» **Problem to work on**: What are the lines, copied exactly, from the one containing "Dibujo Geisha con" through the final line of the material? Leave the pictures out.

» **Given material**:
<<<<

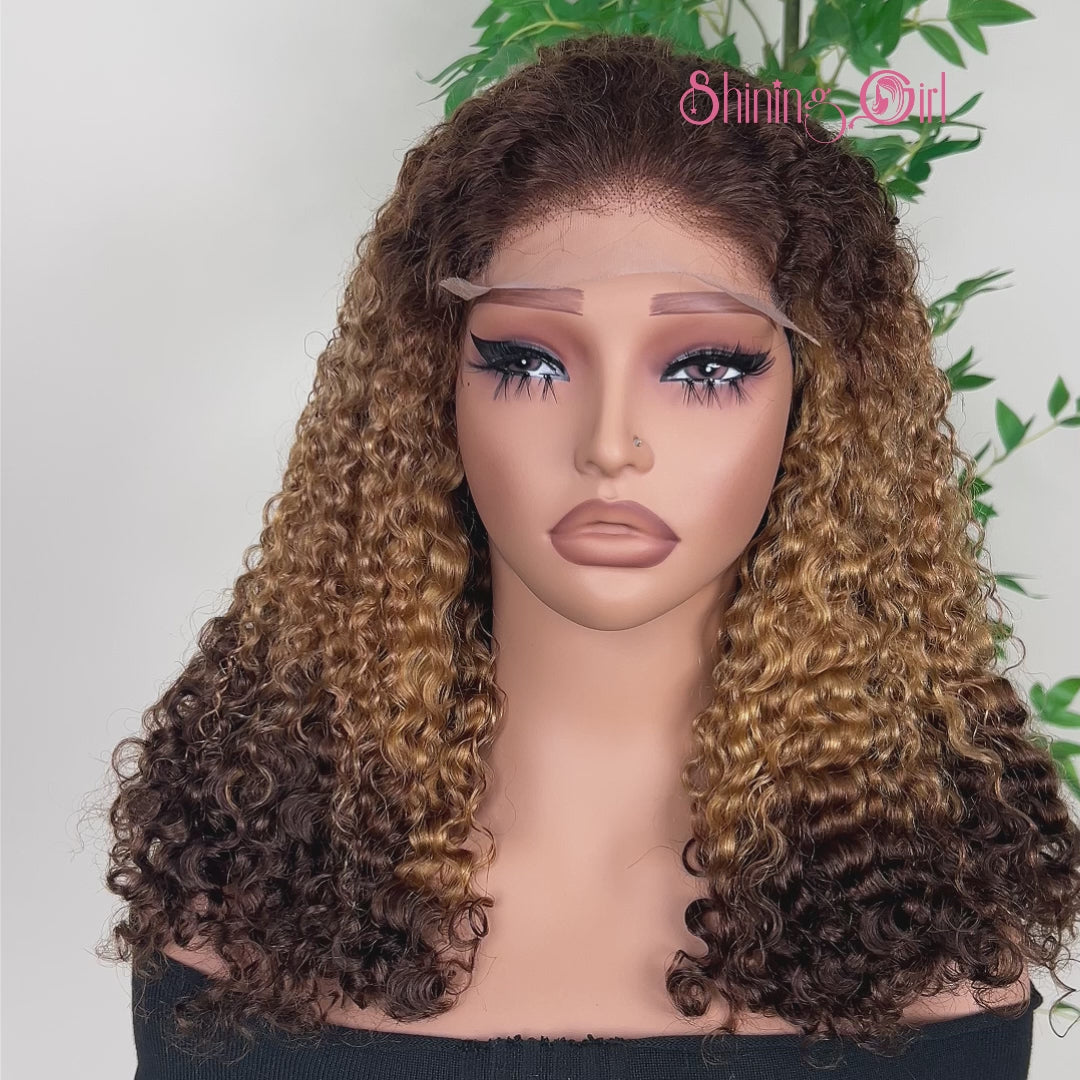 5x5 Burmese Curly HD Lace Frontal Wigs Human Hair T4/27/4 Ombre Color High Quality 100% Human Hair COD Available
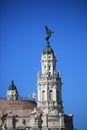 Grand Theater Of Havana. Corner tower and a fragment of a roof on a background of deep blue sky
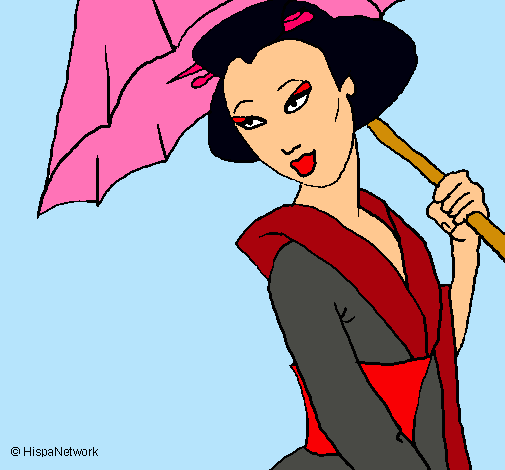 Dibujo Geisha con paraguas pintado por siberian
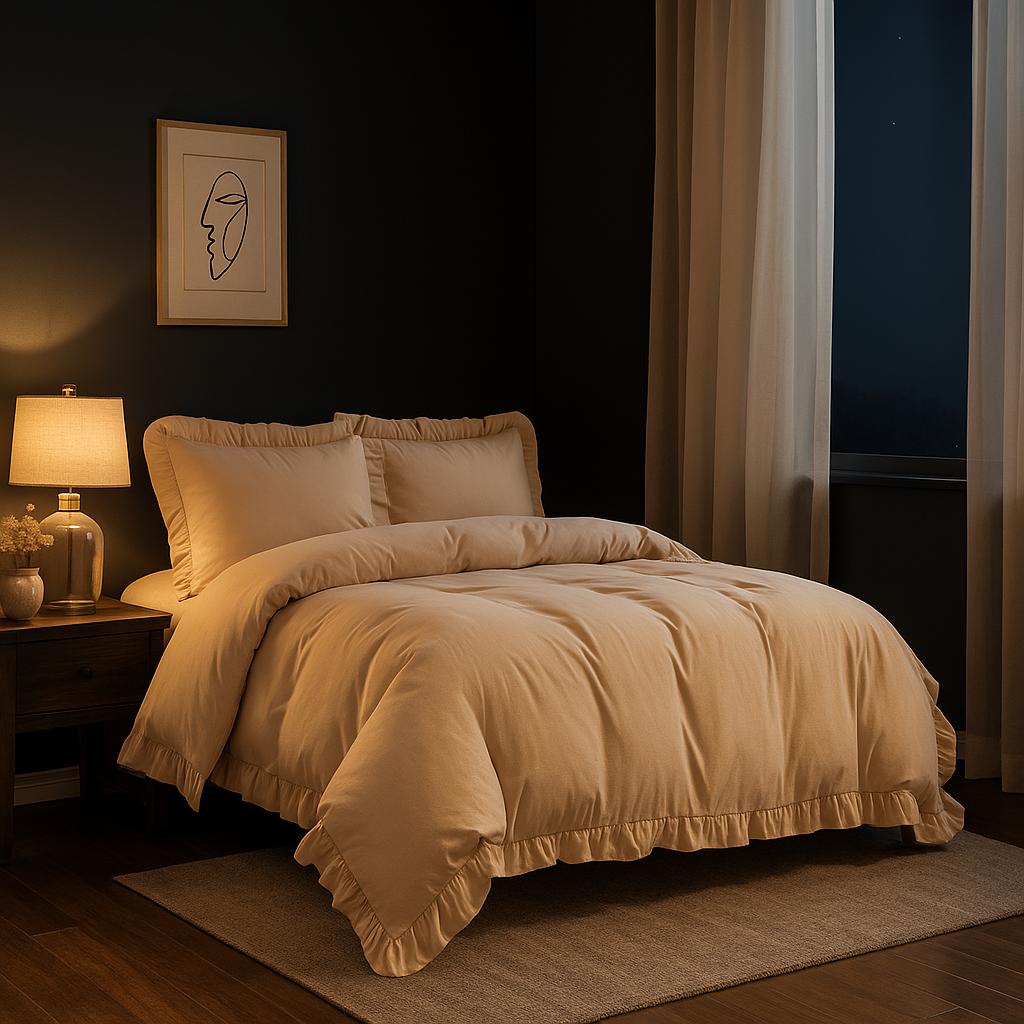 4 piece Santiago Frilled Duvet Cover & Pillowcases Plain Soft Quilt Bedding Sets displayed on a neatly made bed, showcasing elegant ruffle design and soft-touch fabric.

>>>>

» **Solution**:
 Dibujo Geisha con paraguas pintado por siberian
 4 piece Santiago Frilled Duvet Cover & Pillowcases Plain Soft Quilt Bedding Sets displayed on a neatly made bed, showcasing elegant ruffle design and soft-touch fabric.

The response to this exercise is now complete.